I have a dataset (1.6M rows, 4 columns of interest) organized by a directed country dyad-year. Each non-commutative dyad (year1-stateA-stateB doesn't always equal year1-stateB-stateA) has an output value 'var1'.
Simplified example of data
library(forecast)
library(dplyr)
df=data.frame(year=c(1994,1995,1996,1997,1998,1964,1965,1967,1968,1969,1988,1987,1988,1989),
stateA=c(1,1,1,1,1,138,138,138,138,138,20,20,20,20),
stateB=c(2,2,2,2,2,87,87,87,87,87,55,55,55,55),
var1=c(0.101,0.132,0.136,0.136,0.148,-0.287,-0.112,0.088,0.101,0.121,0.387,NA,0.377,0.388)
)
> df
year stateA stateB var1
1 1994 1 2 0.101
2 1995 1 2 0.132
3 1996 1 2 0.136
4 1997 1 2 0.136
5 1998 1 2 0.148
6 1964 138 87 -0.287
7 1965 138 87 -0.112
8 1967 138 87 0.088
9 1968 138 87 0.101
10 1969 138 87 0.121
11 1988 20 55 0.387
12 1987 20 55 NA
13 1988 20 55 0.377
14 1989 20 55 0.388
What I would like to do is to break down each set of country dyads as a time series and create a forecast prediction using holt's model for the following year using the past 5 years of data.

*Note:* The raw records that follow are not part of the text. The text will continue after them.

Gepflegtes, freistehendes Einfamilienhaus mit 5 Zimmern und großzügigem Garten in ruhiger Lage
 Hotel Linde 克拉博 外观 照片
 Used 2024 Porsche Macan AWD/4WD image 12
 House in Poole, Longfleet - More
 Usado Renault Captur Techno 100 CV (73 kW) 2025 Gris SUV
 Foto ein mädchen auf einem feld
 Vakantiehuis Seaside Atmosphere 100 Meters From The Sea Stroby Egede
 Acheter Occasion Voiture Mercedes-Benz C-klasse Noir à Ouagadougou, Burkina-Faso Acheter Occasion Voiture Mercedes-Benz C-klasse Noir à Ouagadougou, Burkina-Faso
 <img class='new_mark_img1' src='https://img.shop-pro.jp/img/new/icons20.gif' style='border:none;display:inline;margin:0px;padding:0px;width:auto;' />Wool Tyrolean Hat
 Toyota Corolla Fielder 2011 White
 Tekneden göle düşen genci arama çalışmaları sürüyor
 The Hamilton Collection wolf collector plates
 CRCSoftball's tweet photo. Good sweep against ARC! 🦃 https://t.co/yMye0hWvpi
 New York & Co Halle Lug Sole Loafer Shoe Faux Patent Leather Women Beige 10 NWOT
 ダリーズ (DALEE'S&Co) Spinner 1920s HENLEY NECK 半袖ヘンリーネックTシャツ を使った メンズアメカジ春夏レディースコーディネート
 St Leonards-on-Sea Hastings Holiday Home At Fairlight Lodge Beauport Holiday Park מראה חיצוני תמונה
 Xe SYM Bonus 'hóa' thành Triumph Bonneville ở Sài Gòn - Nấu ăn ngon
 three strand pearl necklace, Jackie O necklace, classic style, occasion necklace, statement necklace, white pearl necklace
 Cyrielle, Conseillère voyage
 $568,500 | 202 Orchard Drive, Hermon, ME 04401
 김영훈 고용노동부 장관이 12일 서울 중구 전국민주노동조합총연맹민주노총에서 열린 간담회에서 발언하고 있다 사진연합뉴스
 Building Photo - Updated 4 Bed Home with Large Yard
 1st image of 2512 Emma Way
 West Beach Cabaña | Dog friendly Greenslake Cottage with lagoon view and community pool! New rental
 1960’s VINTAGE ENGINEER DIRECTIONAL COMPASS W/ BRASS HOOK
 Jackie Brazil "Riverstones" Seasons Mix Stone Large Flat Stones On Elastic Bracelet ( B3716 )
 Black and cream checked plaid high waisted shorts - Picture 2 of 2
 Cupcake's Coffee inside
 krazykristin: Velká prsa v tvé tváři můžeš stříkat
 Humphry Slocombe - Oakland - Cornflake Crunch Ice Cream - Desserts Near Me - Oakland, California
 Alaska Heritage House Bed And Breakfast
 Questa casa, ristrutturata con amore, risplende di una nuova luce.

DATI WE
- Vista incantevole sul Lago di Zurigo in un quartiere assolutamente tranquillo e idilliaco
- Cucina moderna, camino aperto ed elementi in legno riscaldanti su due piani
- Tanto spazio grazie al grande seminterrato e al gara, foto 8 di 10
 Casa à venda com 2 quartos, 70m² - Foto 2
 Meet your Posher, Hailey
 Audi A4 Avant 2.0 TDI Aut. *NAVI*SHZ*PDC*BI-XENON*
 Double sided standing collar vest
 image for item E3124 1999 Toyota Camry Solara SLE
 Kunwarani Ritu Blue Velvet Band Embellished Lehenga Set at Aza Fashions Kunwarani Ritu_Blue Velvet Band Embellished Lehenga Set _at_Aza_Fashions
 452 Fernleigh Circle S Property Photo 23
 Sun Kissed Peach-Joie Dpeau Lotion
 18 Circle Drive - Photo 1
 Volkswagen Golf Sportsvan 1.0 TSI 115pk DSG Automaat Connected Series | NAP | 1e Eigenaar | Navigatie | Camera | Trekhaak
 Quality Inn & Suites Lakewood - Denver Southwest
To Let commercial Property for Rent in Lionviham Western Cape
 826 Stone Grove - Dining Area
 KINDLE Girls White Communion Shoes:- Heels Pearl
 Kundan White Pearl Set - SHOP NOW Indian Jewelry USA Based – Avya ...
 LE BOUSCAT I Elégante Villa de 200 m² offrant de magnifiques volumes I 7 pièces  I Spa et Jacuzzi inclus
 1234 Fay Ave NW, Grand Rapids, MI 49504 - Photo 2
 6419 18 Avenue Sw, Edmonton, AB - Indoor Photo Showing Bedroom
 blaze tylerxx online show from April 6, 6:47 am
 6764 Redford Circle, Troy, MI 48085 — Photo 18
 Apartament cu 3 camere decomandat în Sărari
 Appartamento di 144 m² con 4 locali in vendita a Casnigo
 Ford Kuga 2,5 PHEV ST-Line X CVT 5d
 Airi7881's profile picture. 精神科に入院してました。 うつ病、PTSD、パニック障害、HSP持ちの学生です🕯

Expected result: I am hoping to add a new variable which contains the forecasted value for the yearX+1 based on the previous years to the row for yearX.
Complications: Not every country dyad exists for every year and for some years there is not data despite the country dyad existing in the dataset.
What I've done so far:
First, forgive me I've only just recently started using time series in R.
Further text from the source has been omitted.